A Parent's Guide to Apps with Mature/Suggestive Themes

Mature suggestive themes
  1. How to Talk to Your Kids about Mature or Suggestive Themes in Mobile Apps
    • Starting at around the age of nine, your kids are going to start to see some mature or suggestive themes on TV, online, and even in school. At this age, these themes will generally be fairly infrequent and very mild. For an idea of appropriate levels and frequency for mature/suggestive content, think of the kinds of subjects and themes you see on prime time network television or in a PG-rated movie.

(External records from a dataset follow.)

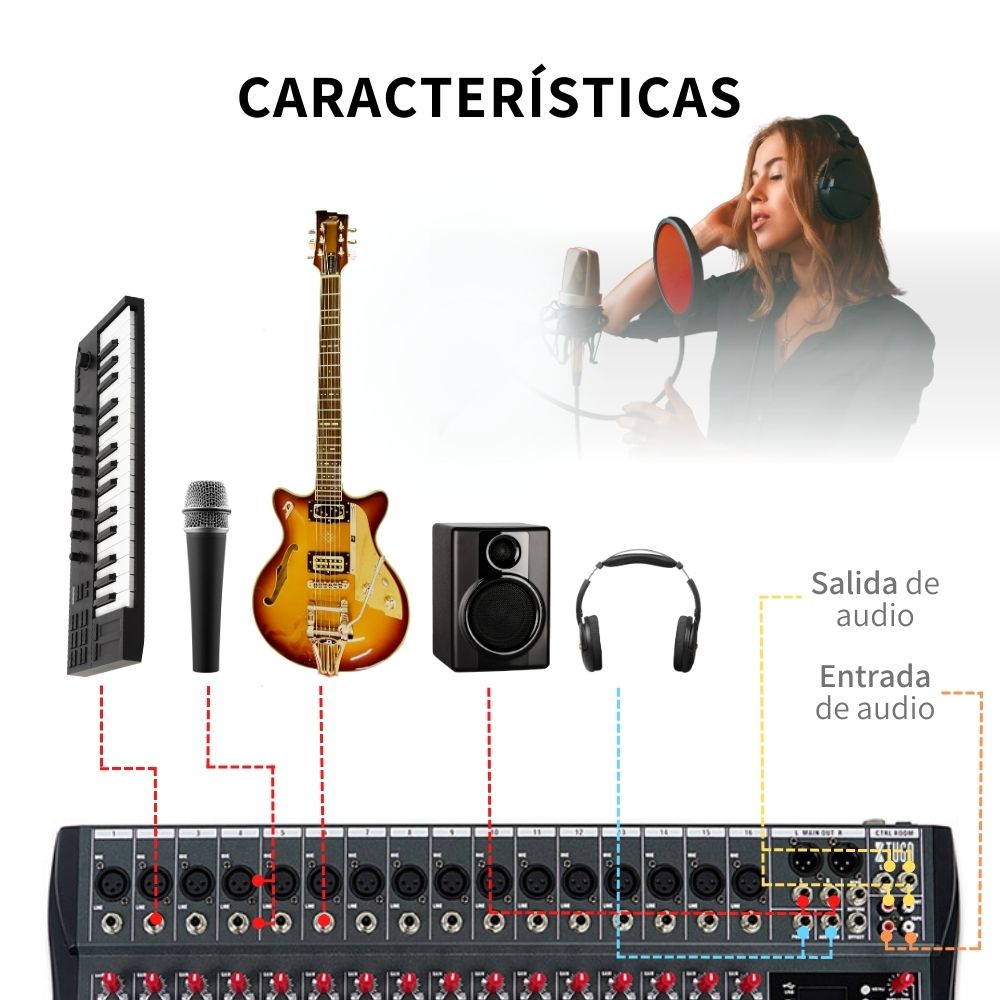 Mezcladora De Audio 16 Canales Efectos Ct1606 Xtuga Usb 48v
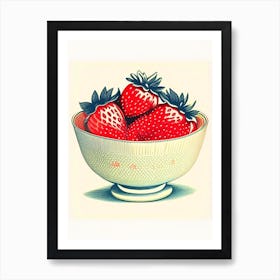 Bowl Of Strawberries, Fruit, Vintage Sketch Art Print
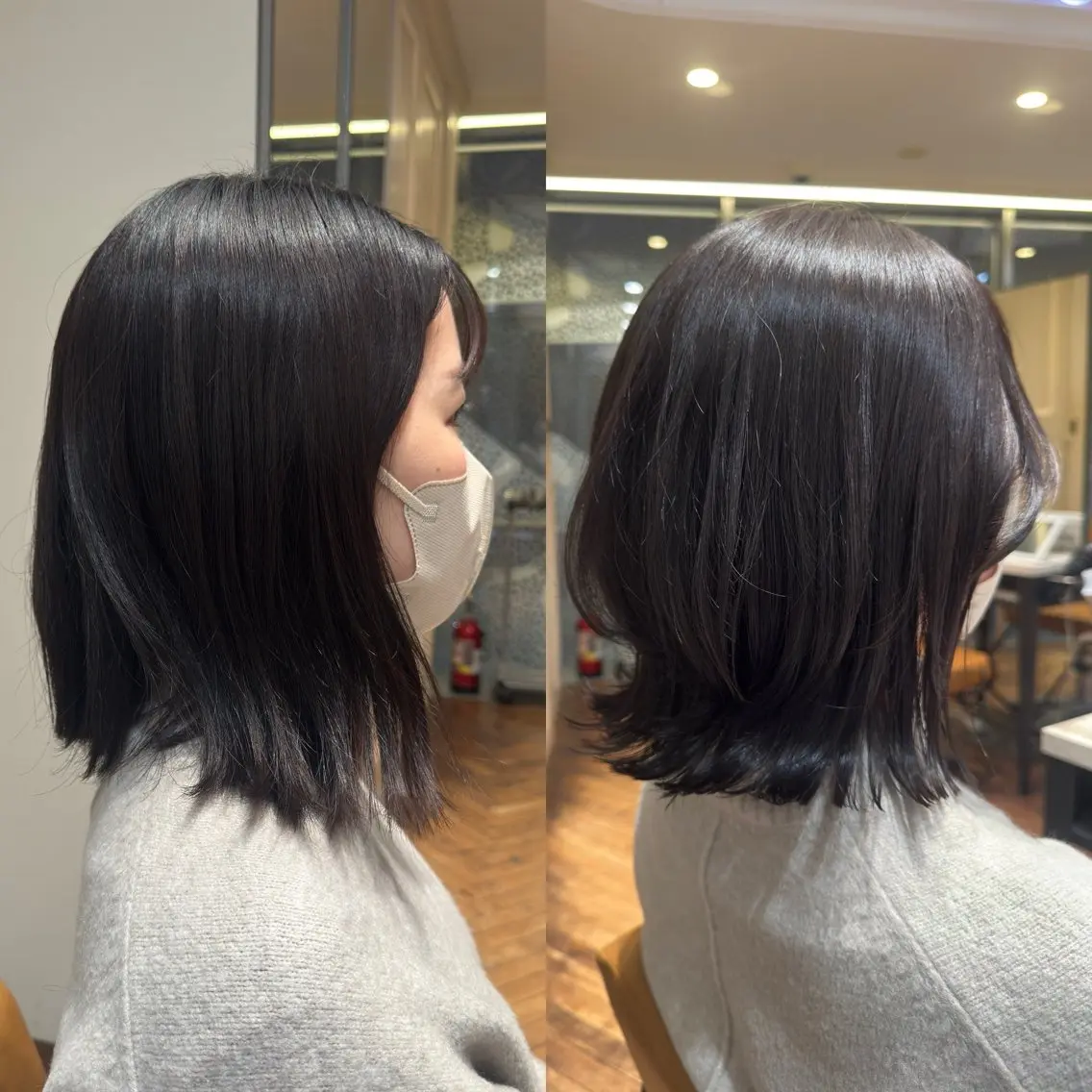 ミディアム くびれヘア くびれレイヤー レイヤーカット 外ハネヘア 松田 響のヘアスタイル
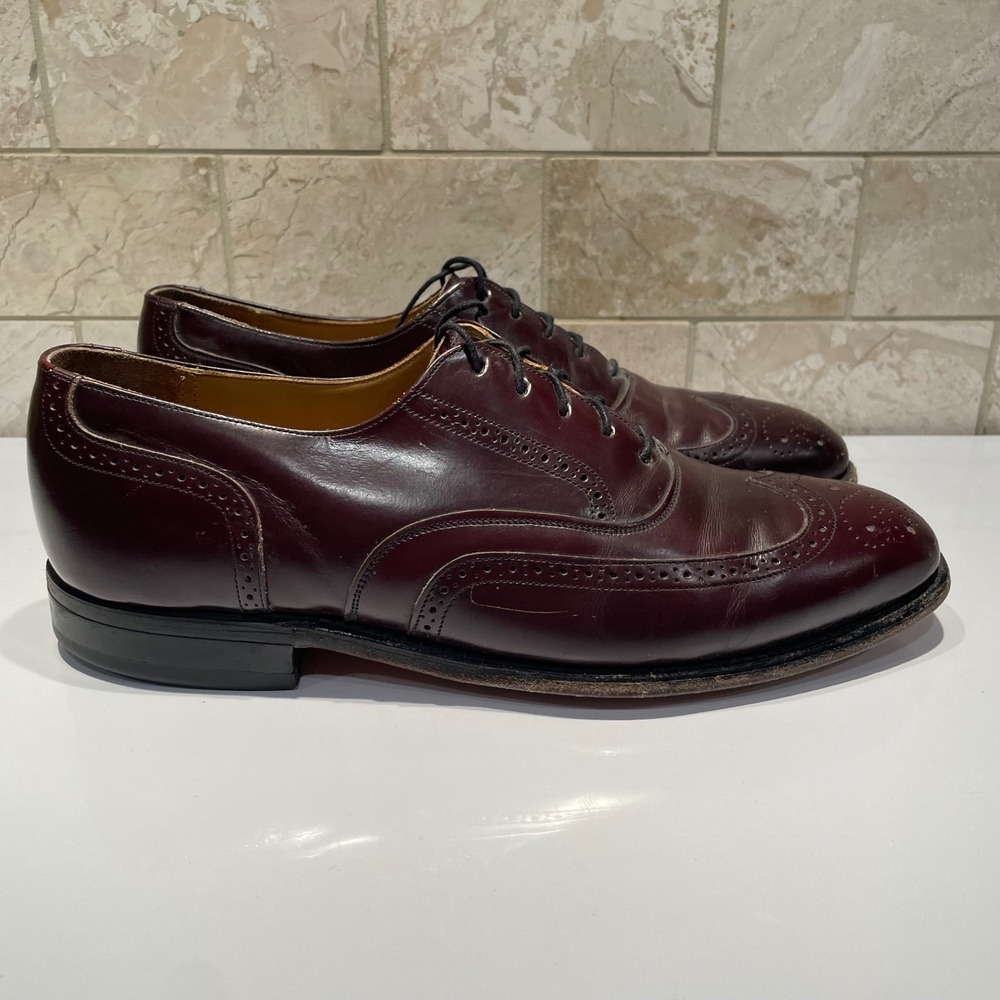Johnston & Murphy Optima Mens Burgundy Leather Wingtip Oxford Shoes 8.5 D 10079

    • These programs and films recommend parental guidance, but they give you a metric for how much suggestive or mature content you can expect to see. For example, you’ll likely only see mild profanity, and you aren’t likely to see intense or frequent violence, either. That said, all children develop at slightly different rates, and what is appropriate for one child is not necessarily appropriate for another.
    • Likewise, if we’re talking about the apps your children are allowed to use, you can look them up in our directory to get a sense of the appropriate ratings of each app as well as more specific risk factors for each app.

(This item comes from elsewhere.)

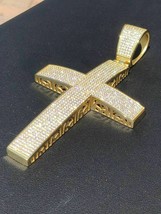 14k Gelbgold Versilbert Herren Großes Kreuz 5ct Moissanit 8.3cm - £430.19 GBP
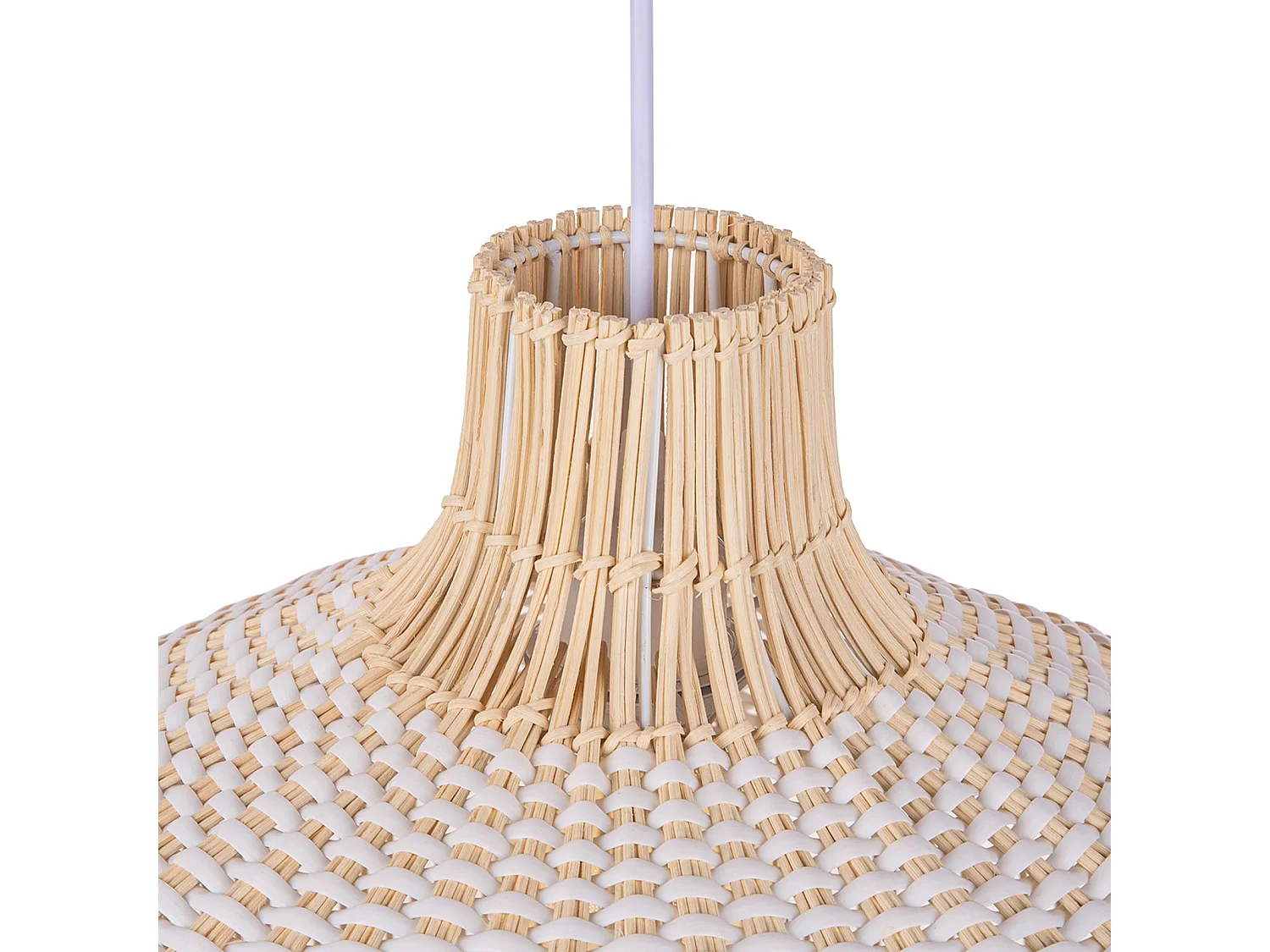 Luminaire suspension en rotin blanc  d40 cm x h40 cm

    • Once you’ve decided whether an app is appropriate for your child or not, you could just restrict their access to it or allow them to use it. However, the best way to go about this, really, is to sit down and talk to your child about how they’re using the app and what kind of content they’re reading, watching or posting.
  2. Ask How They’re Using the App
    • First of all, you’ll notice that iTunes tends to rate its apps based on the content and images they present to users, not on the content that other users may post. For example, the Facebook app has a 4+ rating, which means that it is safe for anyone over the age of four years to use. However, as you no doubt already know, there are some groups and profiles on Facebook that regularly use profanity, depict violent or horrific content or have very mature or suggestive themes.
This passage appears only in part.